Anger at east Jerusalem settlements

Updated: 2007-12-20 07:22

Israel is looking into building 10,000 new homes for Jews in east Jerusalem, Israel's housing minister said yesterday, angering Palestinians who said the move threatened to hobble fledgling peace talks.

Palestinians want the eastern part of Jerusalem, which Israel captured from Jordan in 1967 and later annexed, for the capital of a future state, and are already furious over another Israeli plan announced earlier this month to add 300 homes in an existing Jewish neighborhood there.

The Housing Ministry has carried out a "preliminary check" into building a new Jewish neighborhood at Atarot, near the Palestinian neighborhood of Qalandia, Housing Minister Zeev Boim said yesterday.

The move was motivated by a housing crunch in Jewish neighborhoods, Boim said. A plan to build thousands of homes on parkland in west Jerusalem, inside Israel, was torpedoed recently by environmental groups, and Boim said that left Israel no choice but to build in east Jerusalem.

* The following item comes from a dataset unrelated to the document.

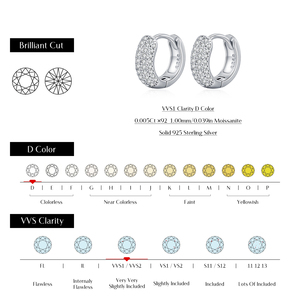 <span class=keywords><strong>Cerchio</strong></span> di lusso con fibbia dell'orecchio <span class=keywords><strong>925</strong></span> in <span class=keywords><strong>argento</strong></span> Sterling scintillante 0,46ct VVS1 chiarezza Moissanite <span class=keywords><strong>orecchini</strong></span> a <span class=keywords><strong>cerchio</strong></span> per donna alta gioielleria - Product Image 3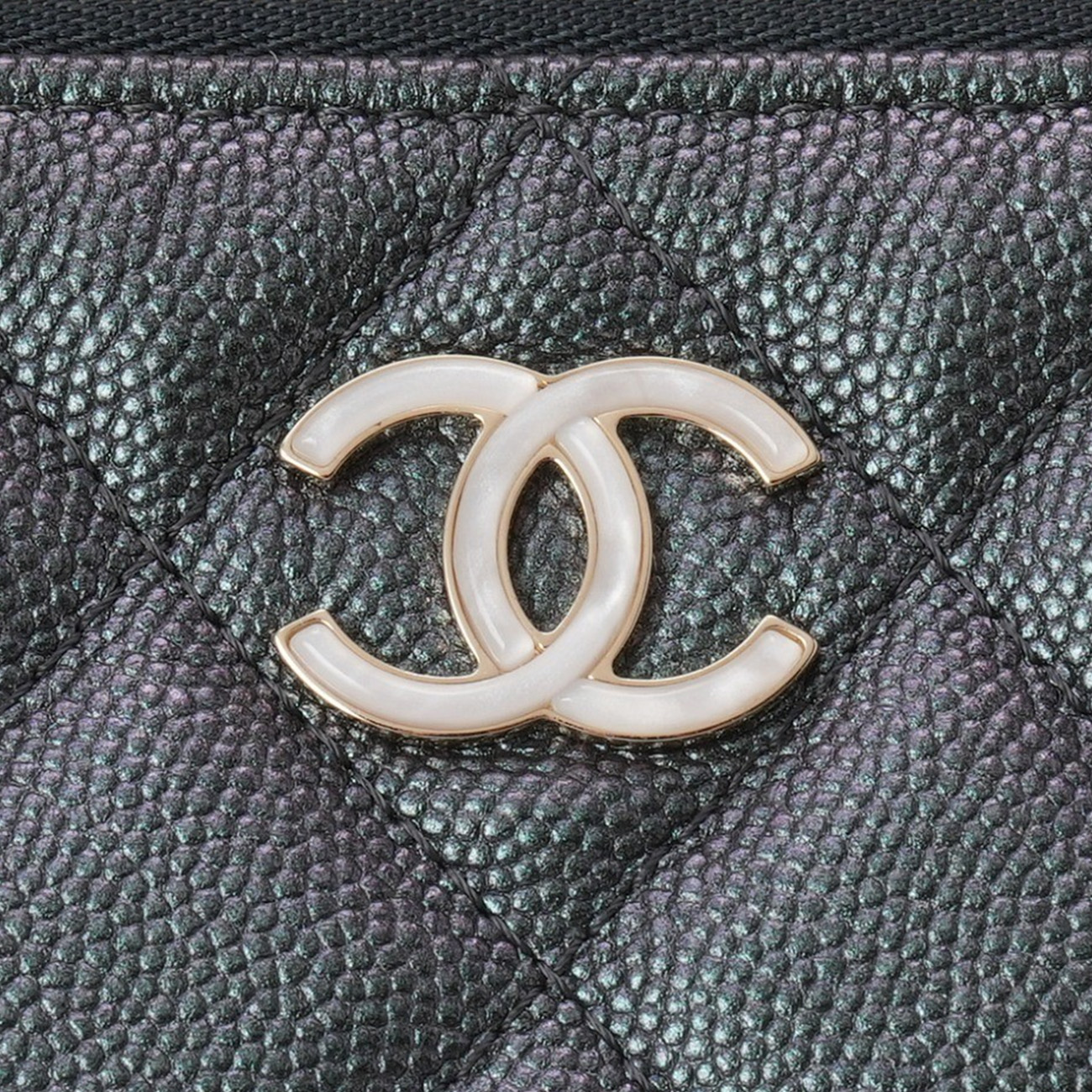 CHANEL(USED)샤넬 시즌 캐비어 클러치 뉴미듐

Even if the planning process moves past the preliminary stage, it will take years for construction to begin. But Palestinians immediately criticized the move, saying it compromised the peace talks that officially got under way last week after seven years of violence.

"Why would they destroy the prospect for peace with such activities?" said Palestinian negotiator Saeb Erekat.